[Assigned task]:
Could you return the data that follows exactly, minus the images?

[Material provided]:
_ _ _ _
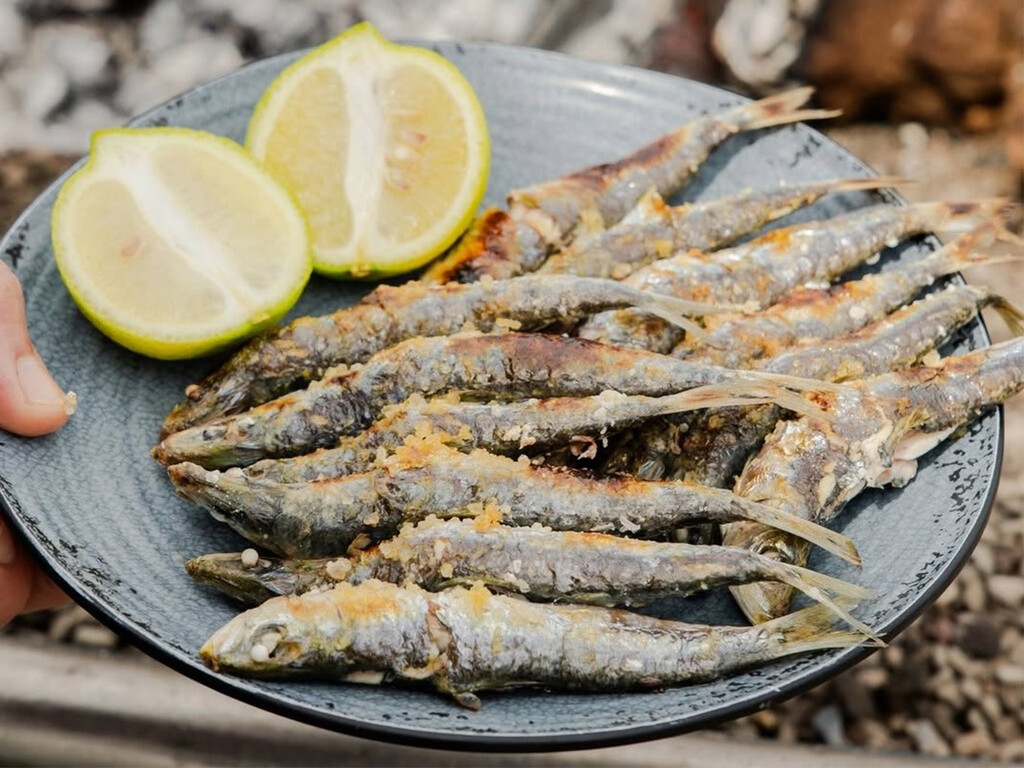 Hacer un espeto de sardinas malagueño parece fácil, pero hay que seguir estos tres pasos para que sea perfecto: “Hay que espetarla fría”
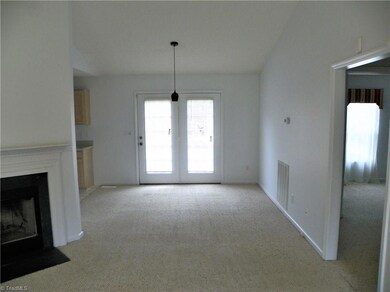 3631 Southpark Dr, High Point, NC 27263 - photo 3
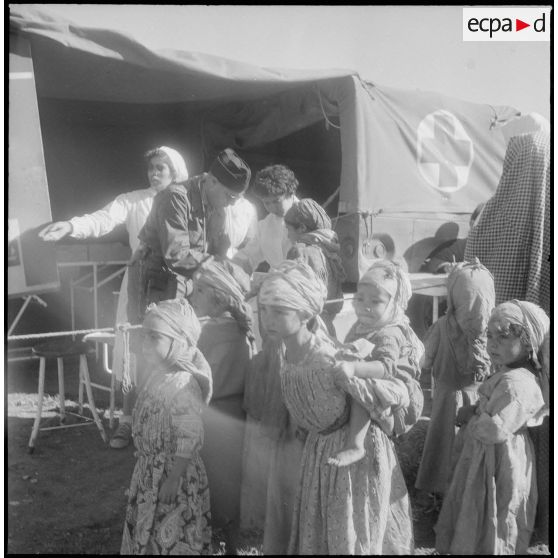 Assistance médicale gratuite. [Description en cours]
_ _ _ _
[Solution to the exercise]:
 Hacer un espeto de sardinas malagueño parece fácil, pero hay que seguir estos tres pasos para que sea perfecto: “Hay que espetarla fría”
 3631 Southpark Dr, High Point, NC 27263 - photo 3
 Assistance médicale gratuite. [Description en cours]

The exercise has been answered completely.